Наилучшие пожелания Питера и мои Вам и леди Резерфорд. Надеюсь, что вы не безумно заняты в городе и имеете возможность проводить время в коттедже.

Искренне Ваша

Анна Капица».

Прошло совсем немного времени, и Анна Алексеевна вместе с детьми переехала жить в Россию. Положение Петра Леонидовича укрепилось, он смог сам напрямую писать письма Резерфорду. Опять, как раньше, это был мужской диалог о науке и жизни. Но Анна Алексеевна навсегда сохранила глубокую благодарность Резерфорду за поддержку в такое трудное для нее время.

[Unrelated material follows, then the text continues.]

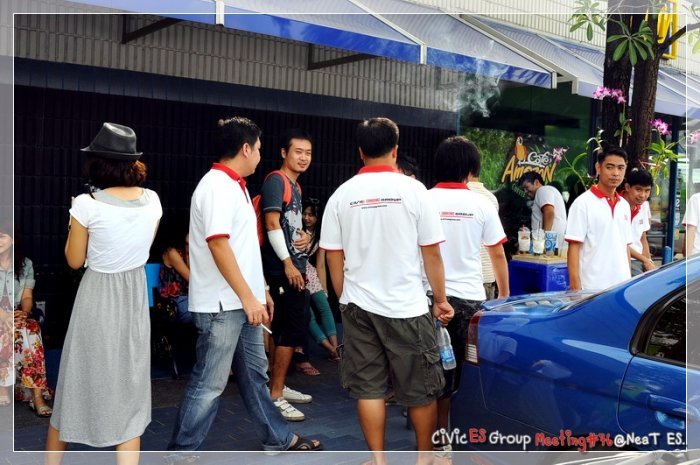 จำนวนประชากรเริ่มมากขึ้นแว้วว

И, может быть, ее поразительная стойкость и твердый характер, которые удивляли всех знавших Анну Алексеевну, во многом были сформированы в долгих беседах еще совсем молодой женщины и выдающегося ученого и учителя.

В 1937 году, когда так неожиданно для всех Резерфорд скончался, она написала его жене:

«14 ноября 1937 г., Москва

Дорогая леди Резерфорд,

Я пишу Вам, чтобы сказать, что мы оба переживаем и сочувствуем Вам в Вашем огромном горе.

Я никогда не забуду, как были добры и какое участие проявили ко мне и Вы, и лорд Резерфорд, когда я осталась одна в Кембридже. Даже когда лорд Резерфорд был утомлен или занят, он всегда находил время поговорить со мной и выслушать меня. Я никогда не забуду, что без его помощи и без его активного интереса к судьбе Капицы нам ничего не удалось бы достичь. Эта искренняя заинтересованность в судьбе окружающих сделала лорда Резерфорда таким дорогим для всех нас.

Я хотела бы напомнить Вам, что в далекой Москве у Вас есть два человека, глубоко преданных памяти лорда Резерфорда и Вам.

Искренне Ваша

Анна Капица».

«Дирак, ты настоящий и очень драгоценный друг…» (Публикация Е. Капицы.)

Переписка Анны Алексеевны Капицы и Поля Дирака относится к одному из наиболее драматических периодов в жизни семьи Капиц — 1935 году.

Почти весь этот год Анна Алексеевна боролась за то, чтобы Петру Леонидовичу разрешили вернуться в Кембридж и продолжить там свою работу. Много сил она тратила на объяснение позиции Капицы ученым и общественным деятелям не только Англии, но и других стран. Среди них были как люди настроенные благожелательно по отношению к советской России, так и ее резкие оппоненты. В этой ситуации для Анны Алексеевны особенно важна была поддержка близких друзей. К таким людям, безусловно, относился Поль Дирак. В письмах Дирака к Анне Алексеевне чувствуется теплое, даже нежное к ней отношение. Каким счастьем для нее было иметь в этот трудный период такого преданного, готового все для нее сделать друга. Кроме того, Дирак уже в те годы имел колоссальный авторитет в научном мире.